Порочный круг насилия
Авторы исследования о жизни мужчин на Кавказе, подводя выводы, указывают, что будучи включенным в сообщество, которое продолжает поддерживать патриархальный уклад, мужчины продолжают воспроизводить модели отношений и жизненные позиции, которые ухудшают положение женщин и ограничивают их возможности.
При этом многие мужчины отмечают, что «сами испытывают на себе давление патриархата и есть некоторые черты в их обществах, которые им хотелось бы поменять». Так, многих мужчин не устраивает контроль над принятием решений, касающихся их частной жизни, и ограничение автономии, которые налагает на них местное общество, необходимость ориентироваться на общественное мнение. Определенное число мужчин стремится к большей независимости от своего рода.
По мнению психолога Гагиевой, здесь имеет место явление, называемое порочным кругом насилия, когда человек неосознанно воспроизводит во взрослой жизни то, что ранило его в более раннем возрасте.
«Всем нам известно детское обещание никогда не обращаться со своими детьми так, как обращались с нами. Но при этом почти каждый, кто его давал, отмечает, что повторяет то же, что делали его родители. То же самое с общественной системой.
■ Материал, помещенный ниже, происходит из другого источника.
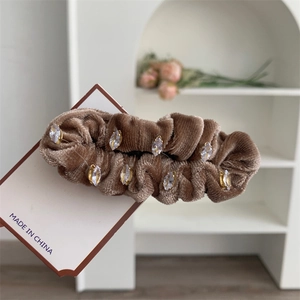 Détail d'un chouchou en velours marron orné de strass brillants de taille marquise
Можно протестовать против нее, ругать, призывать, но мы все пропитаны этими убеждениями, они живут в нашем теле, они вплелись в нашу систему ценностей, подменяя наши потребности собой. Безусловно, здесь не обходится без внутреннего конфликта. Но решение отказаться от деструктивной модели может проигрывать привычке и давлению», — поясняет психолог.
Помимо психологического фактора играет роль и то, что человеку нужны ресурсы, смелость противостоять общественно признанной модели, которые иногда неоткуда брать. Не последнюю роль, по словам Гагиевой, играет и то, что «патриархальные ценности жестко связываются с национальной идентичностью».
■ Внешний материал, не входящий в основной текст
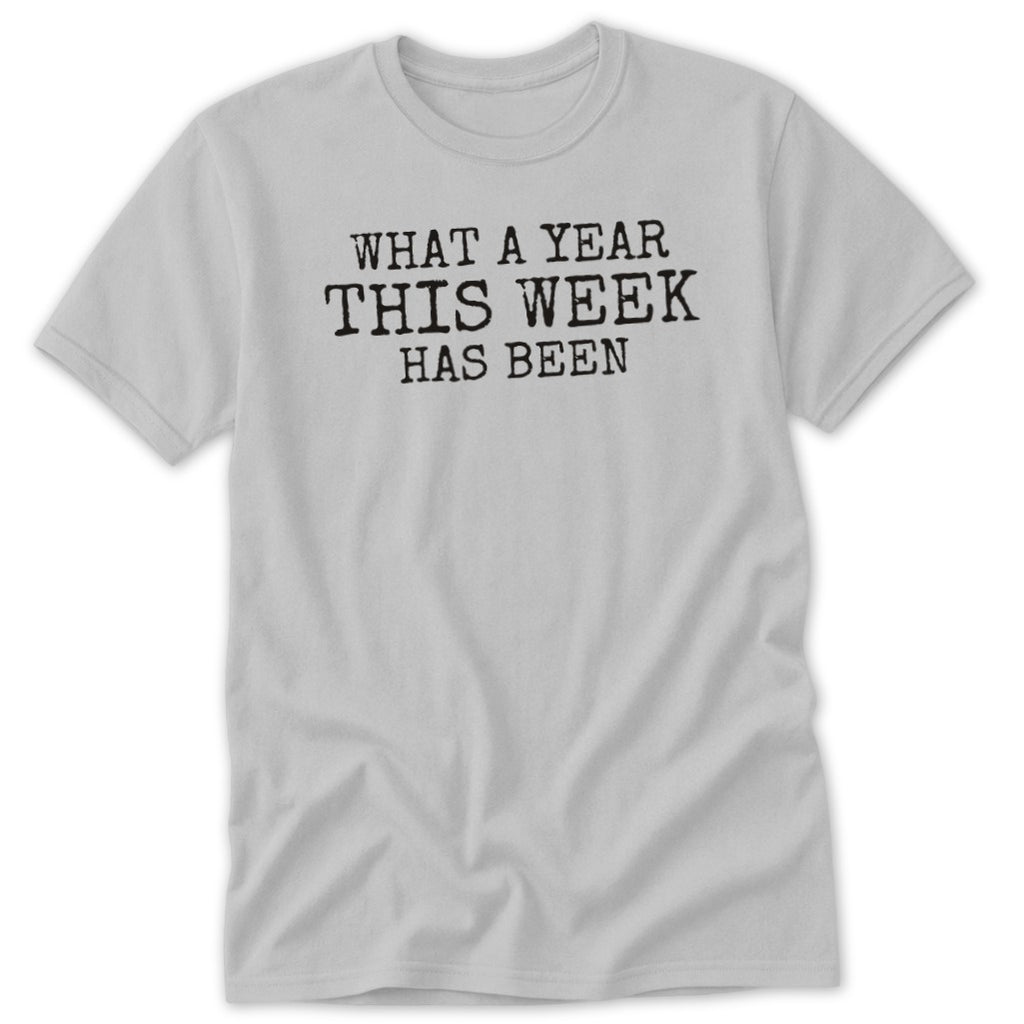 Grey t-shirt with black text "WHAT A YEAR THIS WEEK HAS BEEN".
«Даже если у тебя есть внутренние и внешние ресурсы делать так, как ты хочешь, есть смелость противостоять большинству и не поддаваться на провокации, все равно такое поведение может пошатнуться перед идеей о твоей национальной идентичности. И это еще один вызов. Понятно, что только единицы мужчин даже при желании могут преодолеть все три фактора и действительно жить так, как велит им сердце и чувствовать себя при этом довольными», — резюмирует собеседница «Даптара».